Pero hoy, después de haber escuchado la voz sexy del galán maduro en cuestión (no le debe gustar nada que se refieran a él de esa manera y lo cierto es que es mucho más que eso), me quedé pensando qué pasaría si hubiese un teléfono al cual llamar para encargar tu propia muerte. ¿Qué tal un 0-800 que ofrezca este servicio? ¿No sería genial poder llamar una noche cualquiera y decir: Mirá, a mi me gustaría ahogarme en una playa de la Polinesia, a los 80 años, después de jugar toda la tarde con mis nietos y de hacer el amor con una hawaiana, por ejemplo?
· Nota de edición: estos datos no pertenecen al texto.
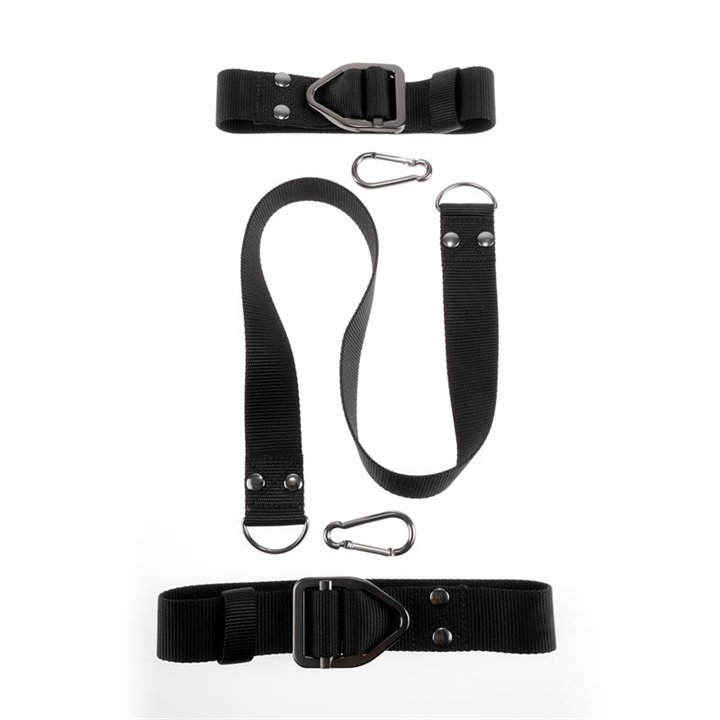 Deluxe Cuff Set - SR-1047 - Teknashop Ltd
O Yo quiero que me pase un tren por encima, pero no cualquier tren. Que sea el Expreso de Oriente o el Royal Scotsman. Si no se puede, de última, el Tren a las Nubes. Muchas gracias.
Habría pedidos de todo tipo, seguramente, desde el más bizarro hasta el inevitable lugar común de Me quiero quedar dormido para siempre, en mi propia cama, sin darme cuenta de nada. O como decía el poeta: Yo quisiera morir como las rosas, en la blancura del deshojamiento. Irme suave y cordial, callado y lento, en la quietud conforme de las cosas.
¿Y qué pasa si alguien prefiere que el asunto siga como hasta ahora, si no es muy afecto a las novedades y no le interesa saber cuál va a ser su último día? ¿Qué pasa si quiere que la guadaña lo alcance por sorpresa; que Madame La Mort lo ataque por la espalda cuando menos se lo espera? Muy simple, no hace ningún llamado y listo. Se ahorra la moneda. Sigue viviendo su vida como hasta ahora y espera a que suceda lo que el Gran Autor escribió para él. Pero yo sé que los otros, los que somos controladores y neuróticos, planearíamos en lo posible hasta el último detalle: la luz, la hora del día, la temperatura.
Sería una linda vuelta de tuerca al guión de nuestras vidas. Ya que no pudimos elegir ni cuándo ni dónde nacer, ya que no tuvimos ni voz ni voto a la hora de caer en la familia espantosa, disfuncional, ruidosa, superficial, pobretona o careta (elija usted el adjetivo que mejor le cuadre, querido lector) que nos tocó en suerte, por lo menos poder decidir cómo nos vamos de este mundo sería una forma de justicia poética.